Even by the impoverished standards we live by these days, Judge Brett Kavanaugh’s confirmation hearings will likely remain the low point of an already dispiriting political culture for some time. Public displays of rancor and enmity like this haven’t often been seen since the Election of 1800. It may not be unprecedented, but these are bad times for principled, decent politics. What explains it?

In The Concept of the Political, Carl Schmitt famously defined the political sphere as that place where friend and enemy struggle for dominance over their polities. We needn’t hate our enemies – though that is certainly possible – yet, all of the gentle veneers we paint over the essence of the political are distractions from its core content. He tells us that:

Political thought and political instinct prove themselves theoretically and practically in the ability to distinguish friend and enemy. The high points of politics are simultaneously the moments in which the enemy is, in concrete clarity, recognized as the enemy.
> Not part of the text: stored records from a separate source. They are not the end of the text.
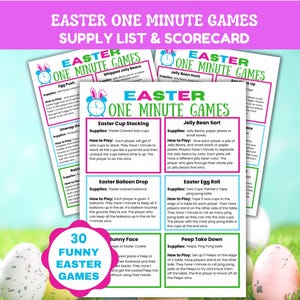 Easter Minute to Win It Games, Quick One Minute Games, Easter Activities for Kids, Teens Adults, Easter Party Games, Easter Family Games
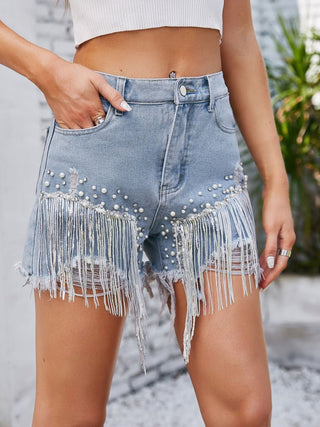 Distressed Pearl Trim Denim Shorts with Pockets - A Roese Boutique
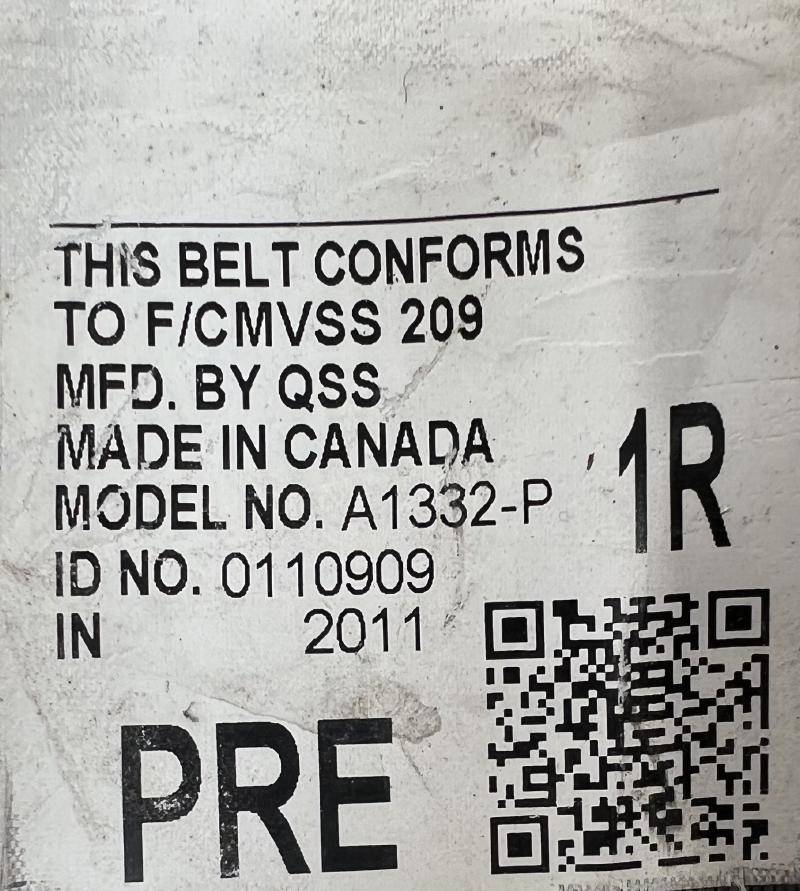 2012 Toyota Highlander Front Seat Belt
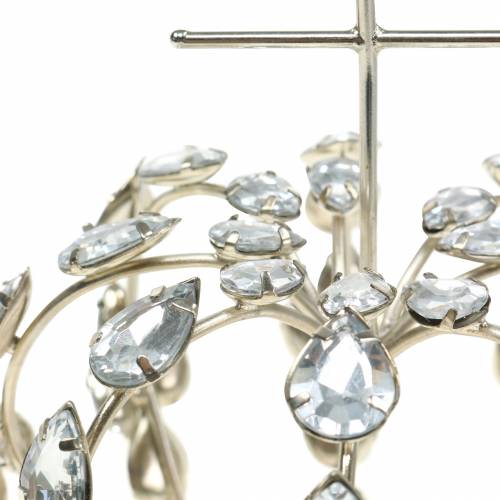 Floristik24 Kroon met diamanten en kruis zilver Ø11cm H17cm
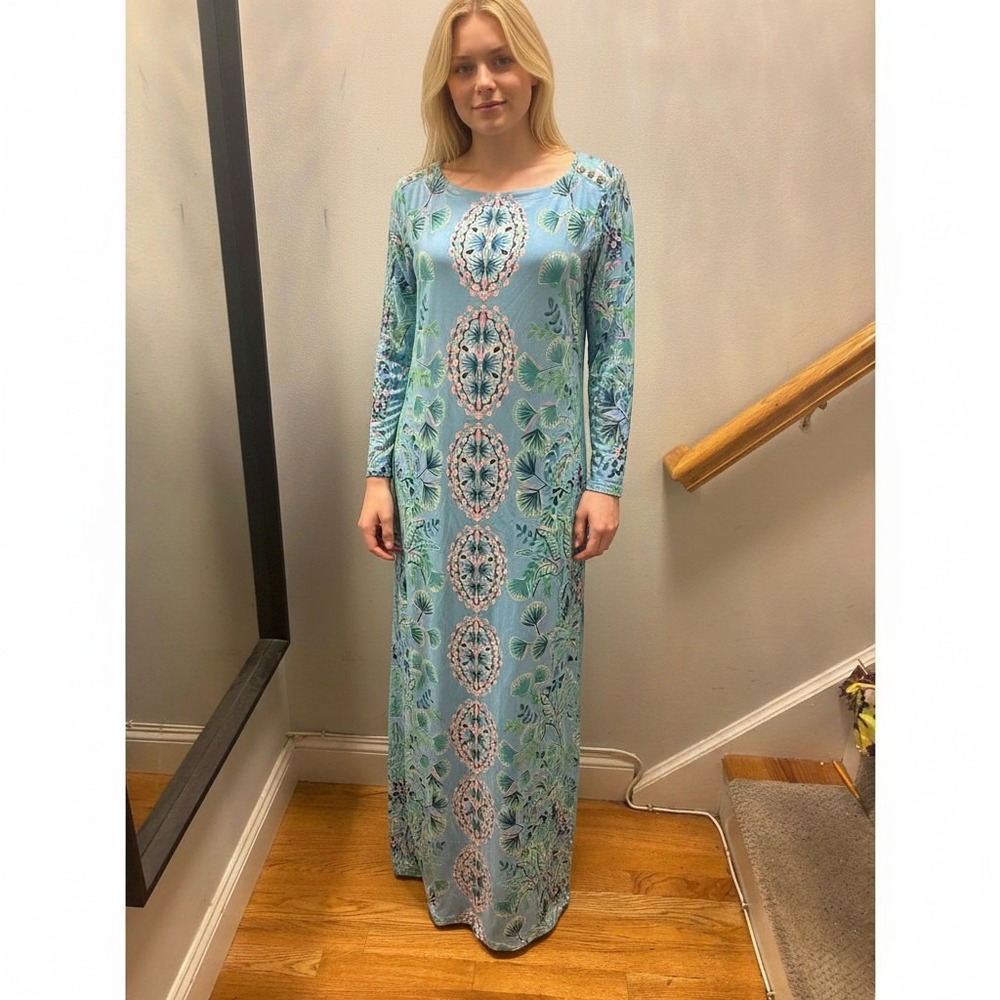 Lilly Pulitzer Maxi Dress Womens M Blue Floral Long Sleeve Shoulder Button
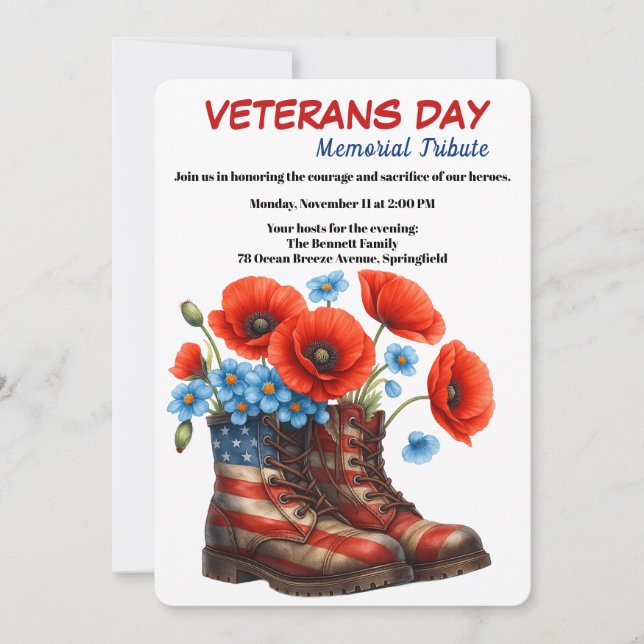 Honouring Heroes | Veterans Day Tribute Invitation (Front)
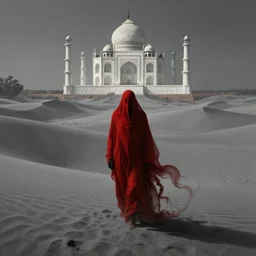 one lone singular swirling otherworldly demonic figure shrouded in red robes emerges from extensive barren grey dunescape, matte painting by peter mohrbacher and filip hodas, background taj! mahal!, godrays, high contrast, highly detailed, a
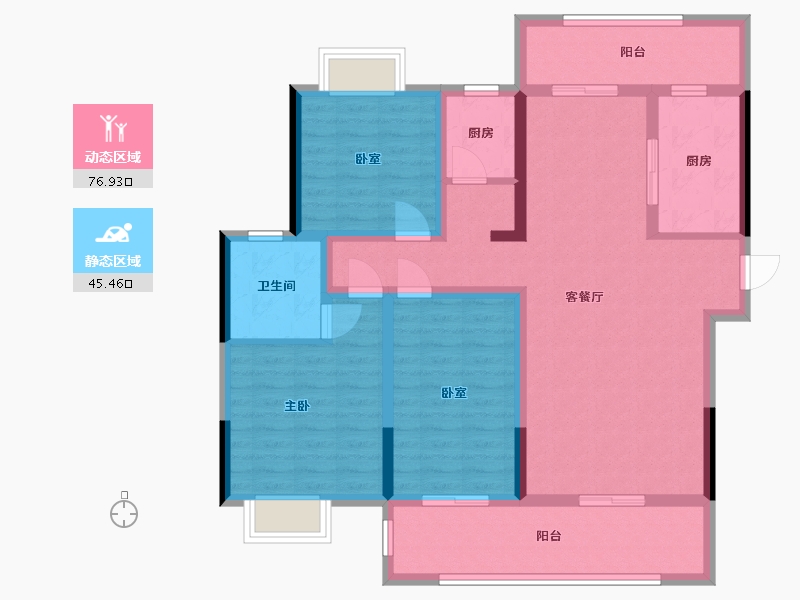 湖北省-咸宁市-乐家小区-118.00-户型库-动静分区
Schmitt says that states presuppose the existence of politics, but the modern liberal democratic world engages in a constant mixing up of political and social content, such that “ostensibly neutral domains—religion, culture, education, the economy—then cease to be neutral in the sense that they do not pertain to state and to politics,” with the end result that we create “total states” that make everything political, and demand “state control of the individual.” For Schmitt, political things are distinctively oppositional, not harmonizing.

Emotionally the enemy is easily treated as being evil and ugly, because every distinction, most of all the political, as the strongest and most intense of the distinctions and categories, draws upon other distinctions for support.

Thus: the personal is the political, and it is all too easy to line up children of the light and children of darkness, with no middle ground between.

There are good reasons to disagree with Schmitt’s underlying position here, not least his contention that it is the friend-enemy relation that most completely distinguishes politics from other areas of life. His dismissal of natural law and reason as possible bases of politics makes him an uncomfortable match with the best of American thought, and his elevation of Hobbesian cynicism about human motives is probably incompatible with republican self-government.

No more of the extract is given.